Il s’y dirige donc pour décharger les camions remplis de la terre glaiseuse de la carrière.

«On enlevait la surface de terre au-dessus du roc, explique-t-il. Elle était ensuite amenée à la sablière. Je vidais les camions de leur terre pour remblayer les endroits où il n’y a plus de sable.»

En fin d’avant-midi, il s’inquiète de ne pas voir arriver les camions de chargement.

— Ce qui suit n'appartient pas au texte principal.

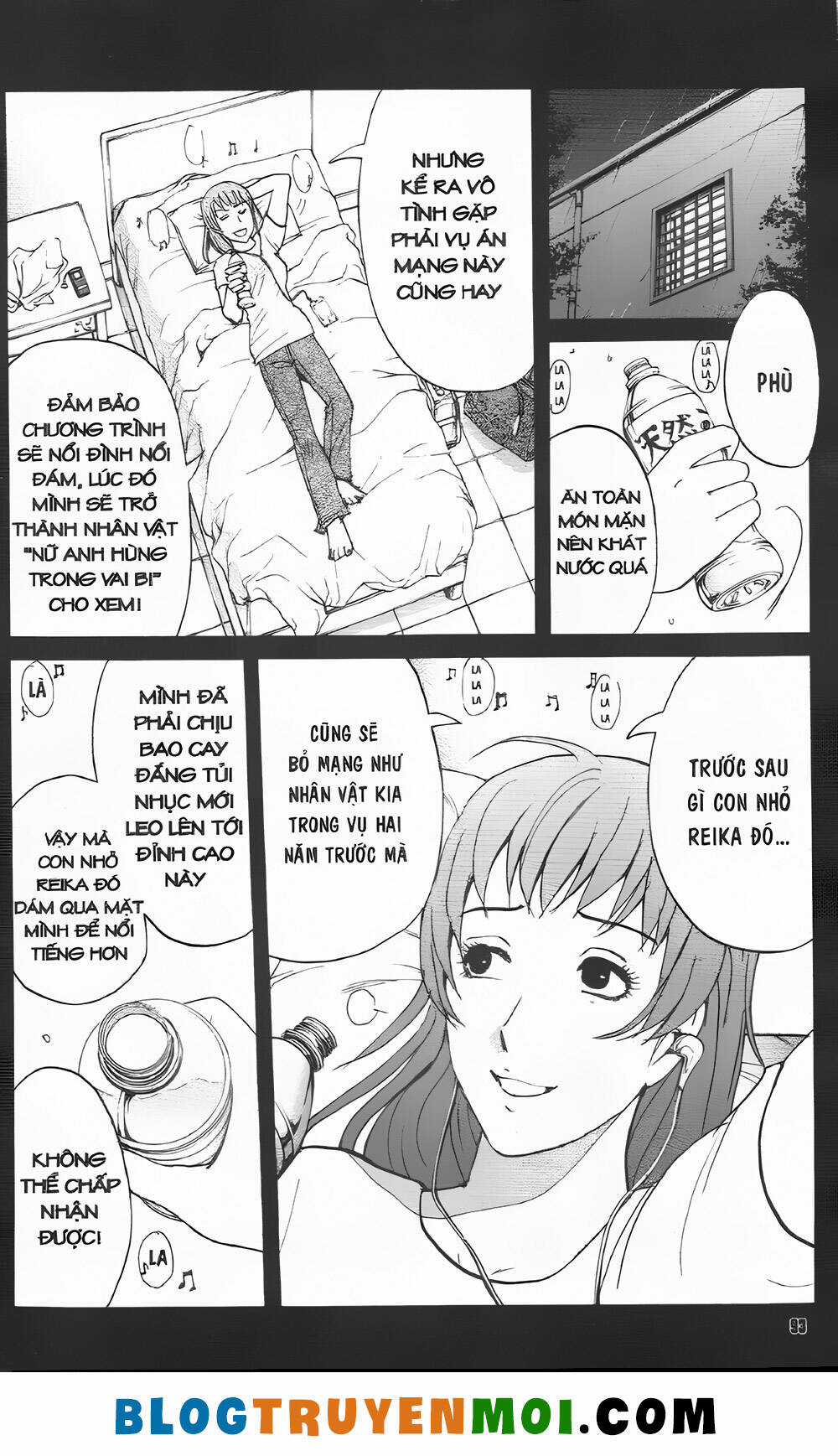 Thám Tử Kindaichi (Bản đẹp) Chapter 34.2 trang 12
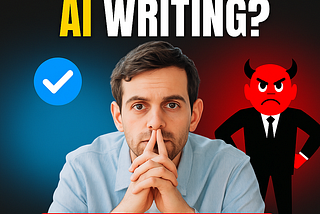 Accused of Using AI? Here’s How to Prove Your Writing Is 100% Human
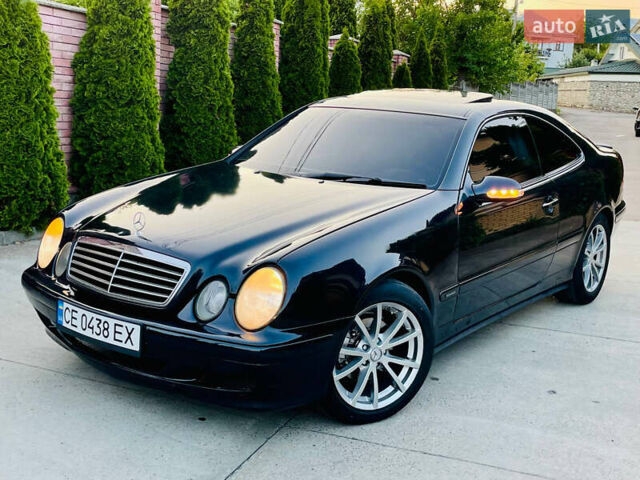 Мерседес ЦЛК-Клас, об'ємом двигуна 2.3 л та пробігом 295 тис. км за 5450 $, фото 11 на Automoto.ua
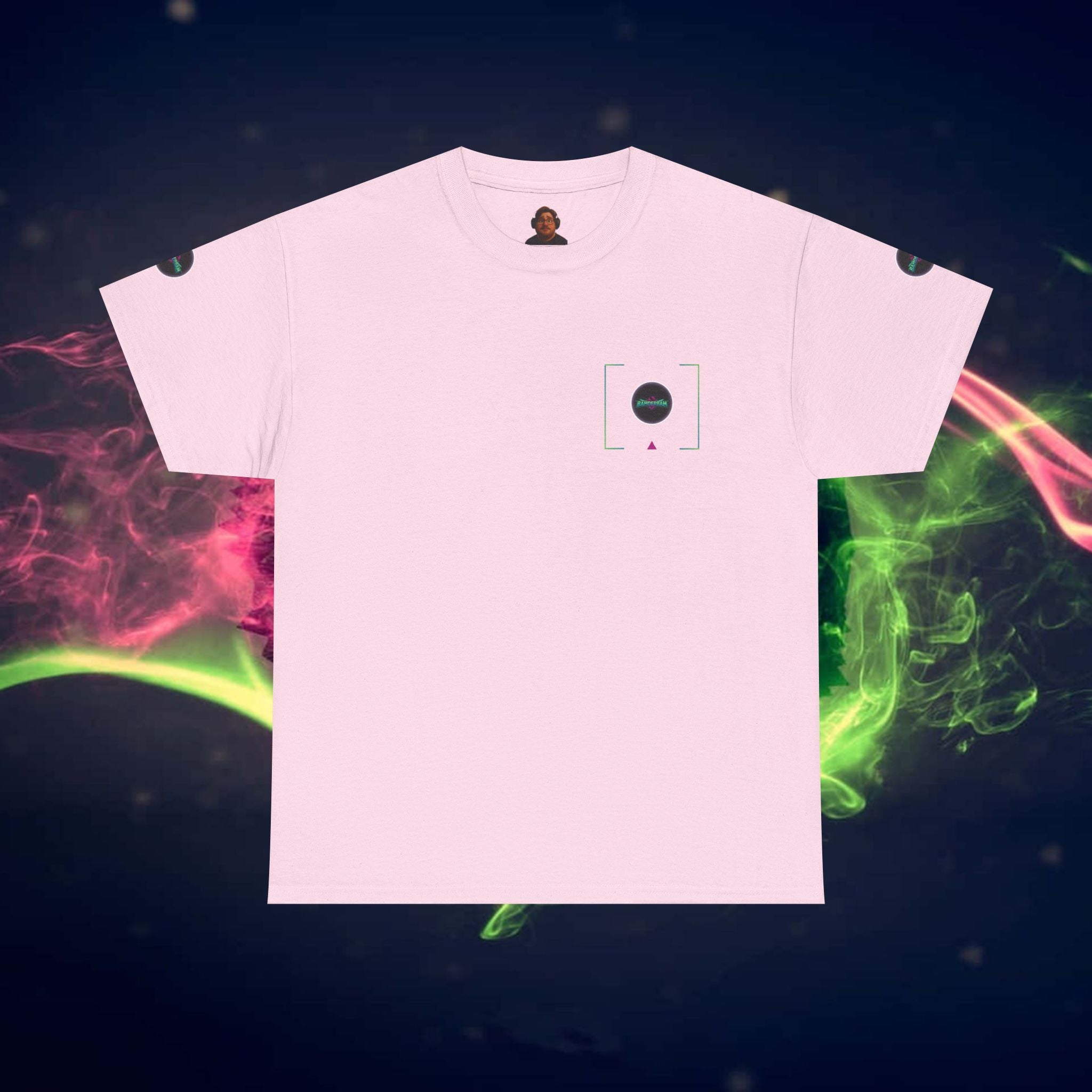 Bamderbam Merch Unisex Tee - Goat Corp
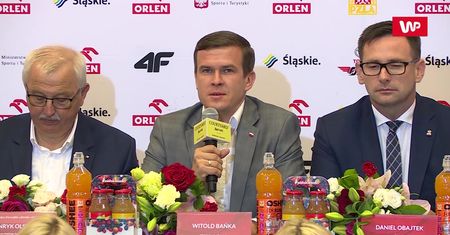 Witold Bańka: Jesteśmy prawdziwą potęgą. Mamy złotą reprezentację
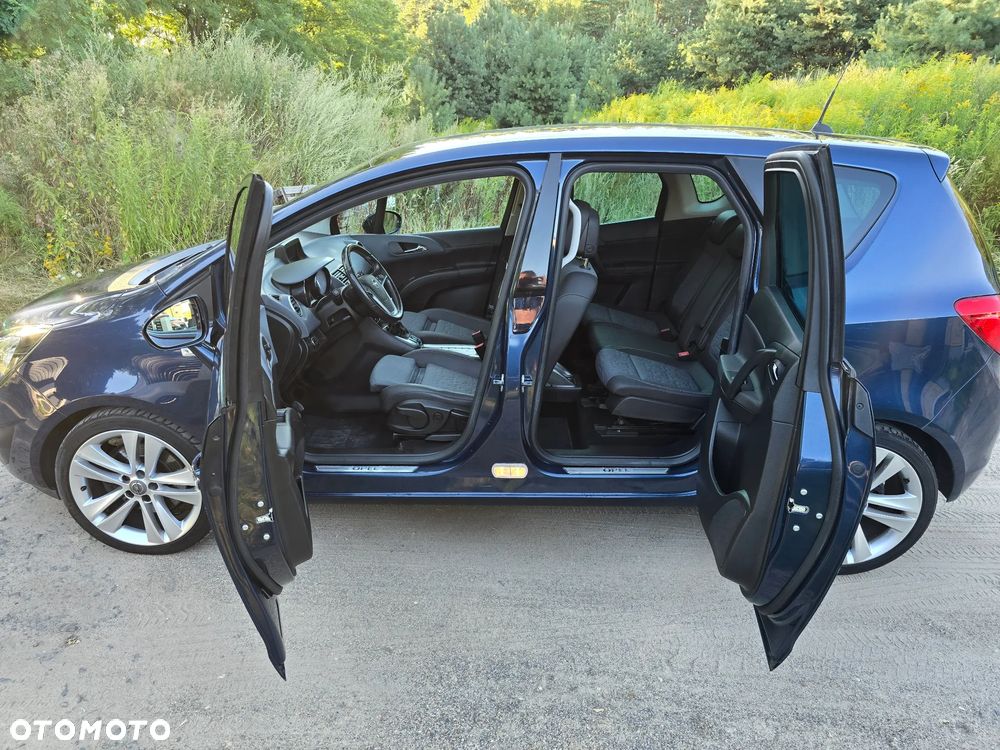 Opel Meriva 1.4 T Cosmo - 3
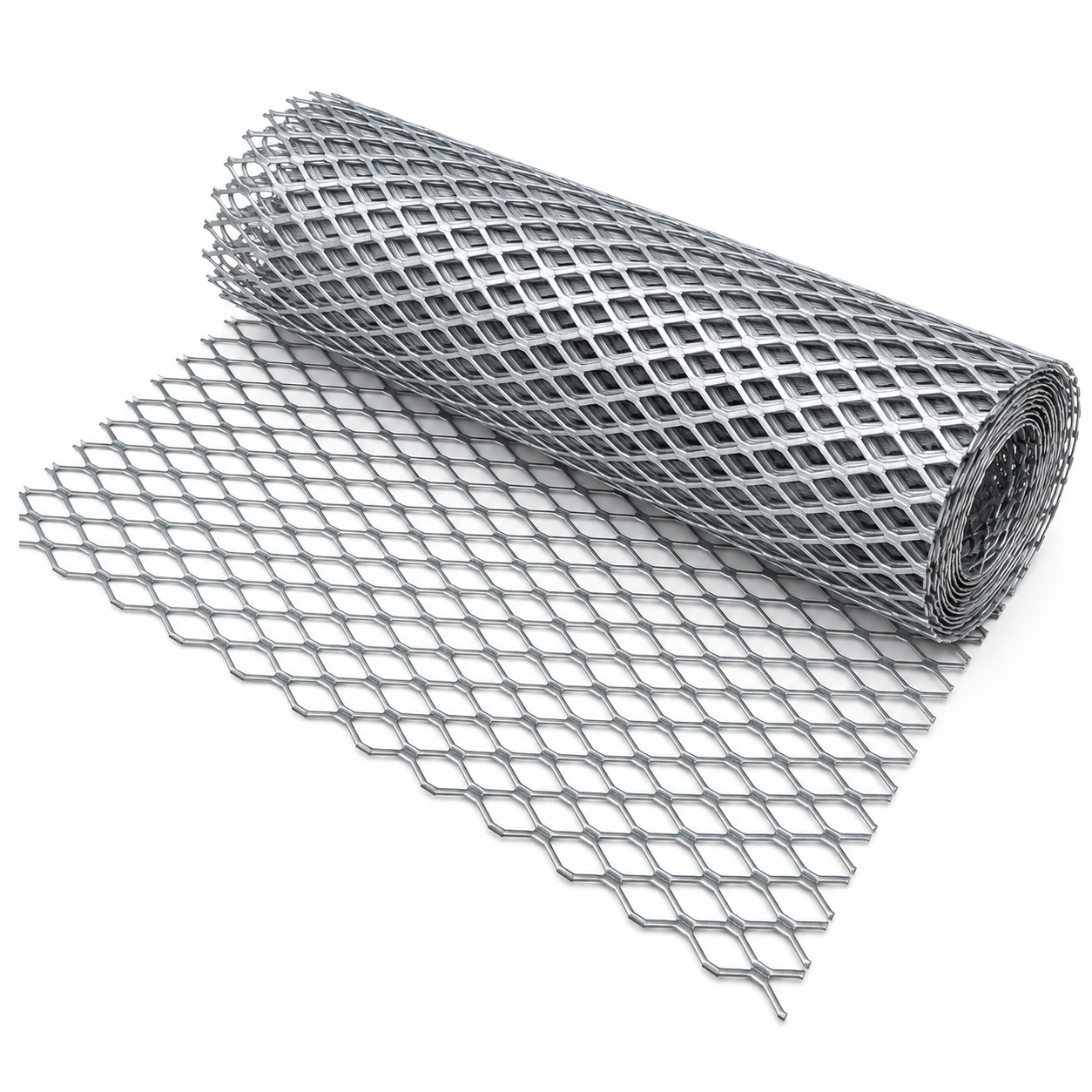GI Expanded Mesh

«J’ai donc appelé Ben (Benoit Robert) pour lui demander où ils en étaient, dit-il. Il s’est mis à me crier après et à pleurer. J’ai alors compris que quelque chose n’allait pas.»

Il s’est dirigé sur les lieux pour constater l’inimaginable : Daniel Brisebois et Marie-Claude Laporte sont ensevelis sous la terre, alors que Benoit Robert fait les cent pas 300 pieds plus bas totalement dans un état de choc dans l’attente des secours.

Pendant ce temps, sa mère et son frère cherchent Sébastien.

«Tout le monde m’appelait, dit-il. Ils pensaient tous que j’étais là (à la carrière).»

Incompréhensible

«On se demande tous ce qui a pu arriver, précise-t-il. Personne ne l’a vu venir.»

Il ajoute que son équipe était installée sur le roc, à bonne distance du bord du trou.

«Ça a explosé comme un sac de ketchup, explique-t-il. On connaît notre métier, mais la terre avait l’air plus solide qu’elle l’était.»

Encore ébranlé par les tristes événements, il ne comprend pas pourquoi le sort s’est acharné sur ces travailleurs

«Daniel, c’est un très bon gars, celui qui est toujours là quand tu as besoin d’un coup de main, assure-t-il. Marie-Claude, je la connaissais moins, mais elle était toujours contente. C’est le genre de personne qui sourit tous les jours.»

Quinze minutes avant l’affaissement du terrain, il lui avait parlé, pour prendre de ses nouvelles.

«C’était la dernière fois que je lui parlais, dit-il. Je dis «c’était», mais ce n’est pas encore fini.»

Toujours de l’espoir

«Oui, j’ai espoir, assure Sébastien. Il peut y avoir des poches d’air.»

Il rappelle qu’une cabine n’a toujours pas été fouillée.

«C’est une cage de protection, dit-il. Ce serait génial de les retrouver vivants.»

Selon lui, les opérations de secours vont bon train.Toutefois, il aimerait que ça aille plus vite, mais il est conscient que les ­secouristes doivent travailler ­de manière sécuritaire.

«Il y a déjà deux trucks en bas, on n’en veut pas d’autres, dit-il. Le vent rendait toute descente impossible et le chemin est sous quatre pieds de bouette.»